**REQUIRED ACTION**
Within the records below, find the line with "Bright colourful geometric" and the line with "Explorer X621 at", then reproduce exactly those two lines and all lines between them, without any picture.
··· EXCERPTED RECORDS ···
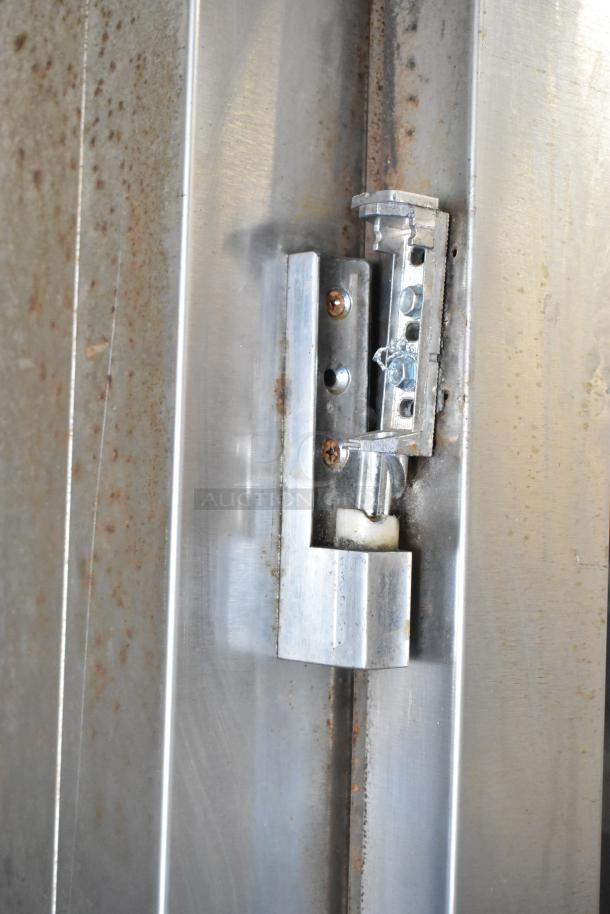 Close-up of a Baxter stainless steel component on a commercial gas-powered mini rotating rack oven, showing a hinge detail with some rust.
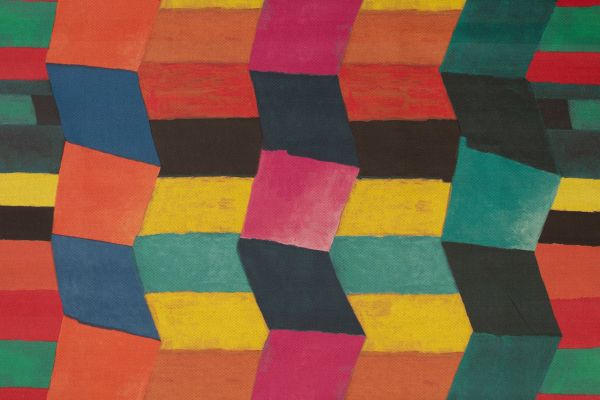 Bright colourful geometric blocks fit together to create a zig zag pattern in pinks, yellow, greens and blues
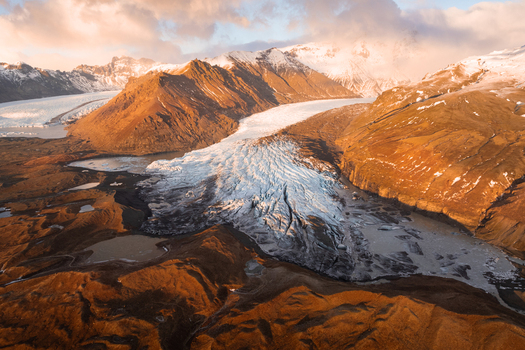 Aerial view of Svinafellsjokull glacier with rugged mountains glacial lake and golden hour light in Sveitarfelagid Hornafjordur Iceland. Aerial view of Svinafellsjokull glacier with rugged mountains glacial lake and golden hour light in Sveitarfelagid Hornafjordur Iceland.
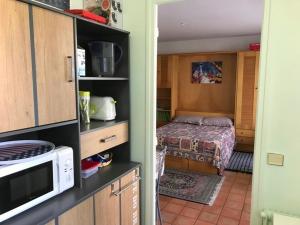 a small bedroom with a bed and a microwave at Studio Saint-Jean-de-Luz, 1 pièce, 2 personnes - FR-1-4-522 in Saint-Jean-de-Luz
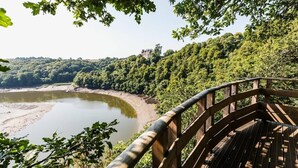 Een houten terras met uitzicht op een rivier, een bebost glooiend landschap en een kasteelachtige structuur in de verte.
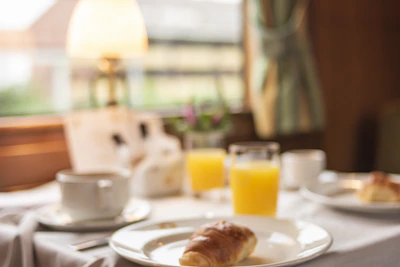 A cozy breakfast scene with a cup of coffee, croissants, and fresh orange juice on a bright morning.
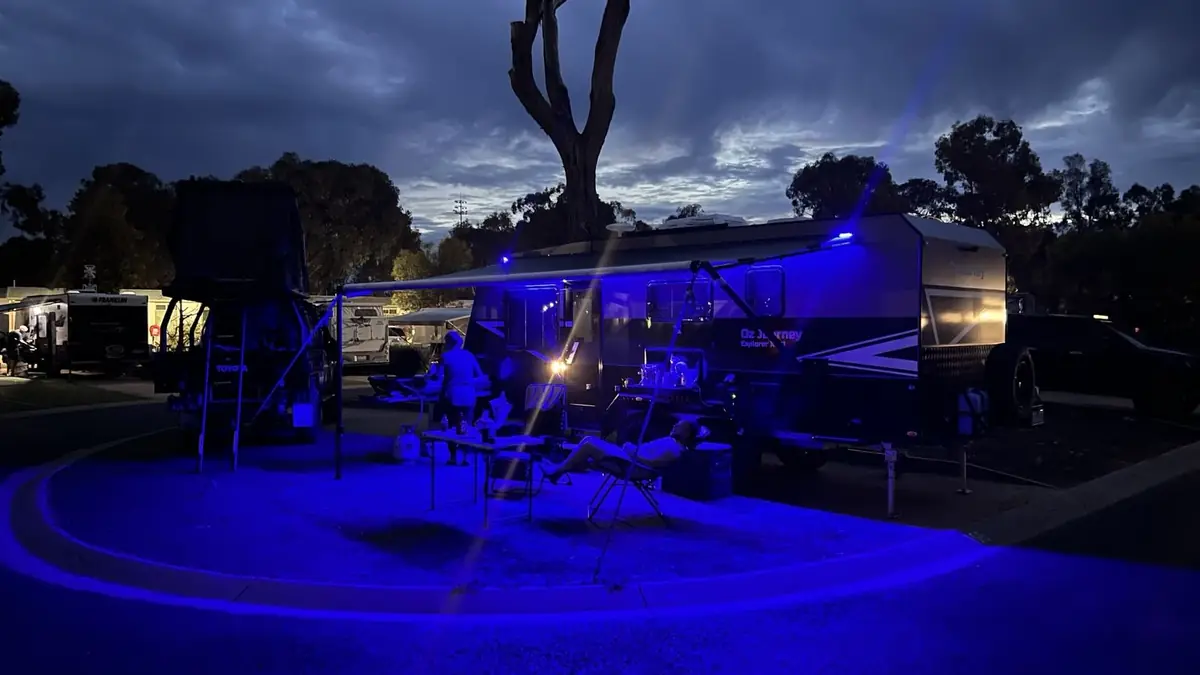 Explorer X621 at night with blue LED awning lights glowing across the campsite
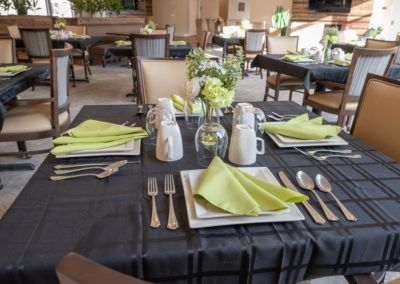 An elegantly set dining table in a restaurant with green napkins and floral centerpiece.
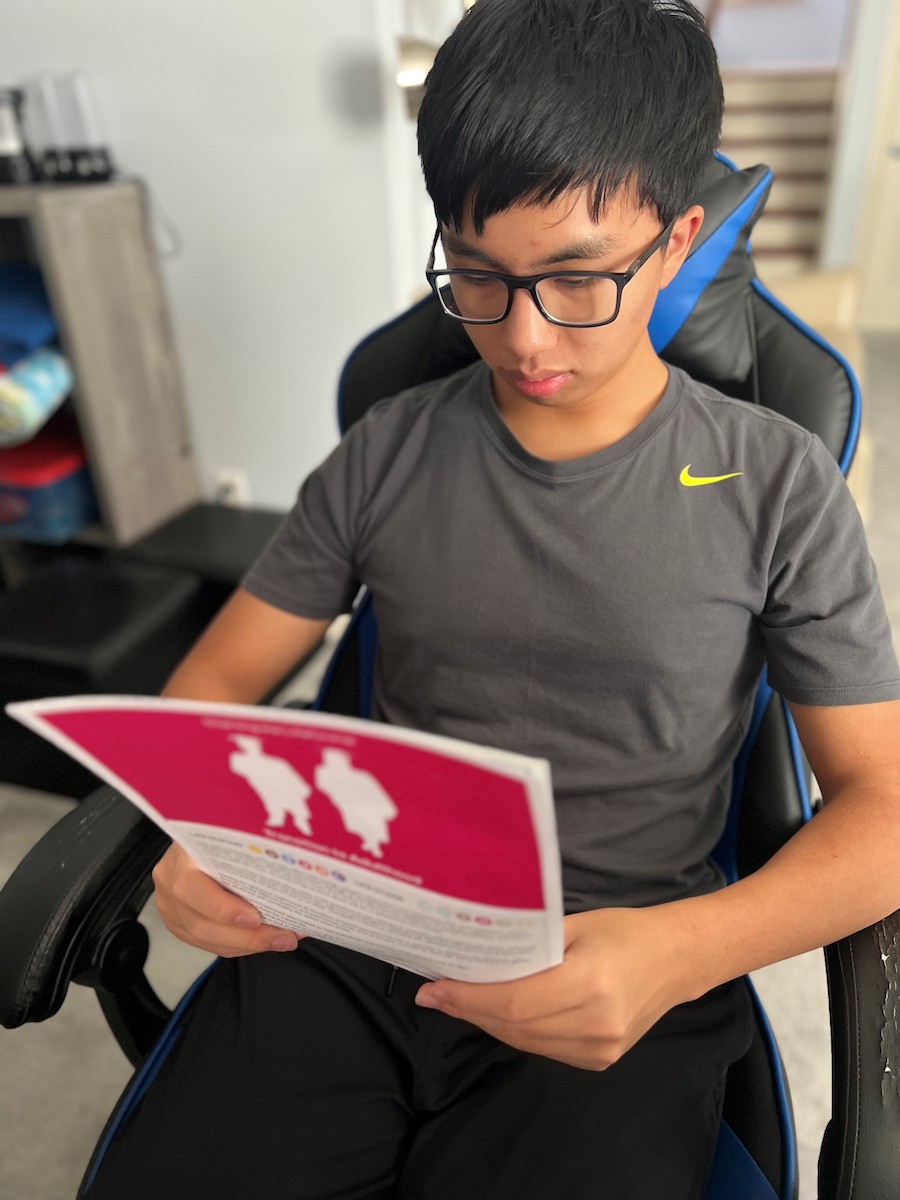 An Asian teenage male reading a paper on health care transition.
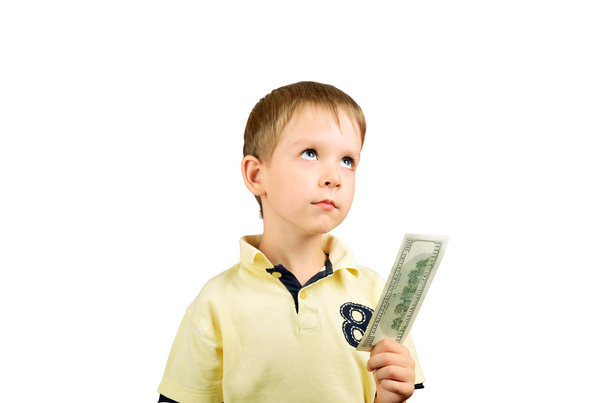 little boy looking up, takes a bill 100 US dollars and think wha - Photo, Image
···
**RESPONSE TO THIS EXERCISE**
 Bright colourful geometric blocks fit together to create a zig zag pattern in pinks, yellow, greens and blues
 Aerial view of Svinafellsjokull glacier with rugged mountains glacial lake and golden hour light in Sveitarfelagid Hornafjordur Iceland. Aerial view of Svinafellsjokull glacier with rugged mountains glacial lake and golden hour light in Sveitarfelagid Hornafjordur Iceland.
 a small bedroom with a bed and a microwave at Studio Saint-Jean-de-Luz, 1 pièce, 2 personnes - FR-1-4-522 in Saint-Jean-de-Luz
 Een houten terras met uitzicht op een rivier, een bebost glooiend landschap en een kasteelachtige structuur in de verte.
 A cozy breakfast scene with a cup of coffee, croissants, and fresh orange juice on a bright morning.
 Explorer X621 at night with blue LED awning lights glowing across the campsite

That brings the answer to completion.